Todas as ditaduras se parecem, e os extremos políticos sempre se tocam.

Salve, Marcelo.

Minha tendência é ver esses conflitos mais como fruto de rivalidades pessoais pelo poder do que em função de projetos políticos distintos para Honduras. Infelizmente, concordo que o que já está ruim sempre pode piorar...

abraços

"O" Anonimo disse...

"Ainda bem que a Internet é democrática. Se estivéssemos em Tegucigalpa, algum burocrata hondurenho já teria te tirado do ar."

Isso é mentira. Existe plena liberdade de expressão em Tegucigalpa.

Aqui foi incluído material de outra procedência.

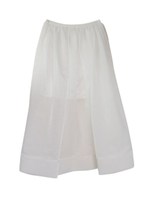 lame organdy skirt/pink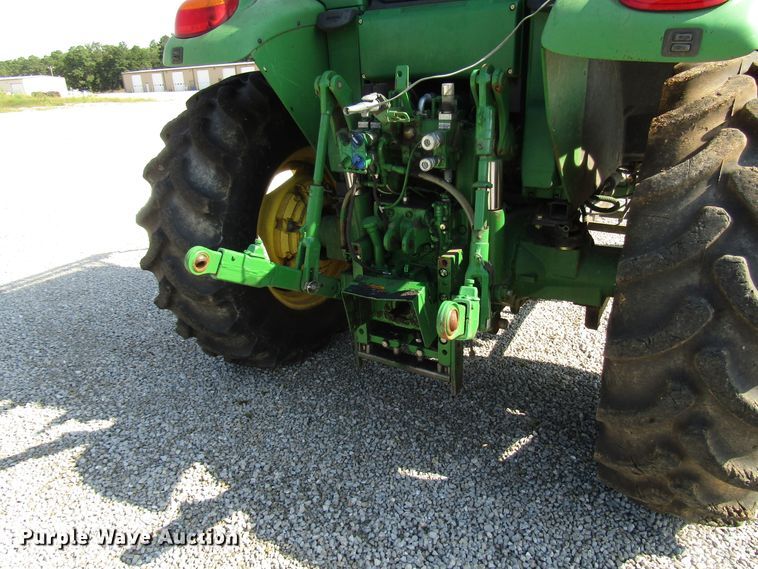 image for item DG8044 2009 John Deere 6430 MFWD tractor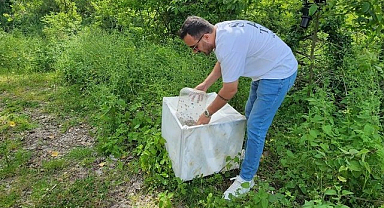 Samsun’da 1 Milyonun Üzerinde Samuray Arısı Doğaya Salındı!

Quanto ao Micheletti, ele vai para a história como um herói da democracia latino-americana. Ele se negou a aceitar a provocacão dos bolivarianos, evitando assim mergulhar o país na guerra civil que Chávez e nossos diplomatas tentaram engatilhar com a volta de Zelaya, e conseguiu levar o país em paz (sitiada) até as eleicões livres que elegeram um candidato que é seu inimigo pessoal e de partido rival ao seu.

"Todas as ditaduras se parecem, e os extremos políticos sempre se tocam."

Honduras sob o governo constitucional interino não foi uma ditadura, e não se pareceu com ditadura alguma de que tenho conhecimento.

Patricio Iglesias disse...

Meu caro:

Excelente o artigo. Foi um atropelho total às instituições e um golpe terrível pra a confiabilidade da América Latina.

Mas algo me preocupa de suas palavras:

"faltam às autoridades brasileiras os recursos econômicos e militares para concretizaram seus ambiciosos objetivos, em especial quando os Estados Unidos decidem intervir."

Recursos militares? Explique... me extranha de alguém que tem escrito faz poucos anos que o que falta ao Brasil pra liderar à região é um modelo de desenvolvimento com redistribução.

Vejo que há novos admiradores do foro. Uma nova camada de conspiradores. Ha, ha, ha!